(WHAT THE TASK REQUIRES):
After locating the line that contains "2002 GREEK Taboo" in the records below, write out exactly that line and each line after it through the one that contains "New Care Q10 & kokosolie 150 capsules", and nothing else.

---- DATA LISTING

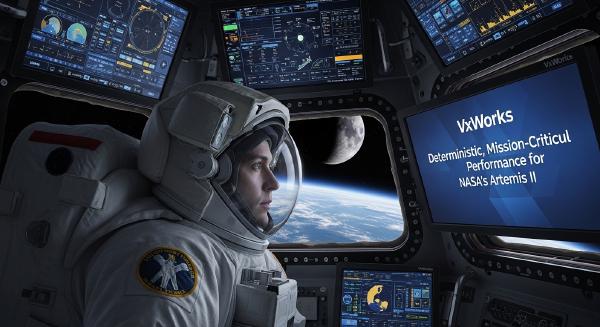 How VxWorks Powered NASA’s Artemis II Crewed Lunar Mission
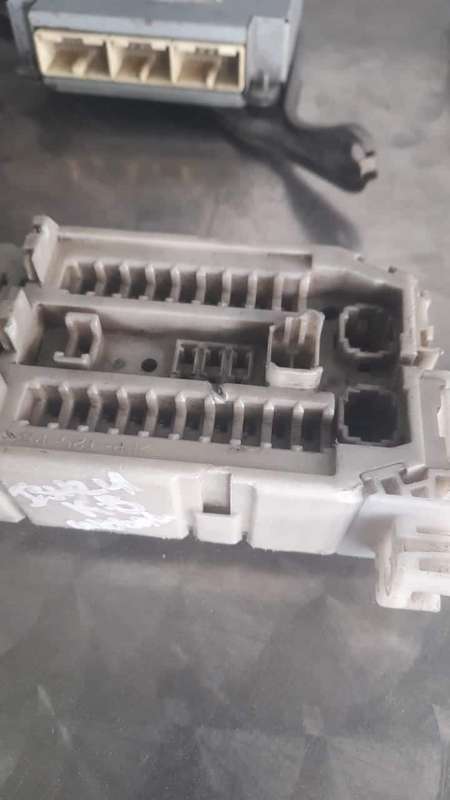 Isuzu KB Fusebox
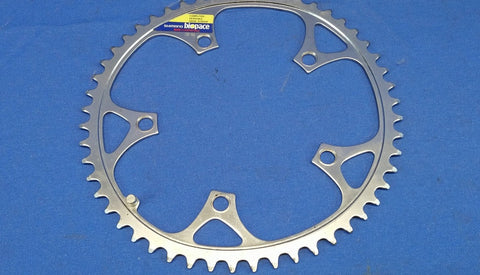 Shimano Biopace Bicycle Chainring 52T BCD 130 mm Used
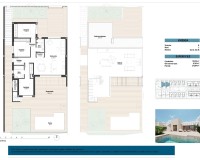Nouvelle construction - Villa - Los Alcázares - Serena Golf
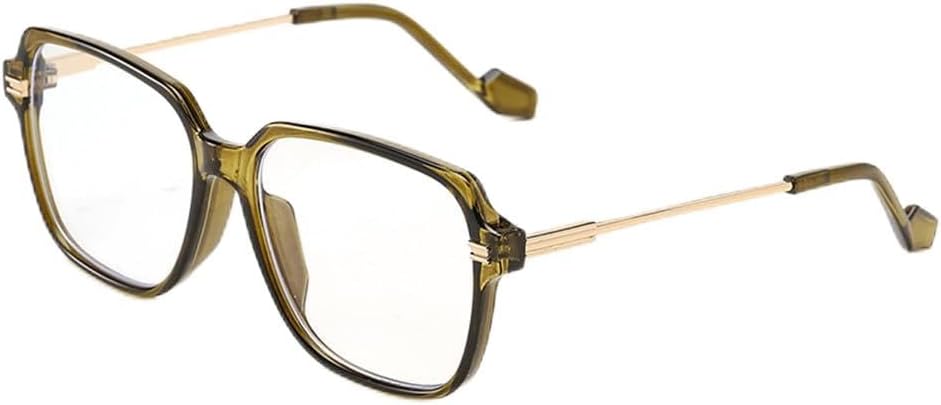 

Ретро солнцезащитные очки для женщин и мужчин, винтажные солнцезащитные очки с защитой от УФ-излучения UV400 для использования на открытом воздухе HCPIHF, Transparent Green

--------
---- DATA LISTING

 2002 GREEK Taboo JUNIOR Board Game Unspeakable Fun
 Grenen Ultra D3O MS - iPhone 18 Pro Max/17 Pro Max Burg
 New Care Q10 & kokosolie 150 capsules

--------

(RESPONSE TO THIS TASK):
 2002 GREEK Taboo JUNIOR Board Game Unspeakable Fun
 Grenen Ultra D3O MS - iPhone 18 Pro Max/17 Pro Max Burg
 New Care Q10 & kokosolie 150 capsules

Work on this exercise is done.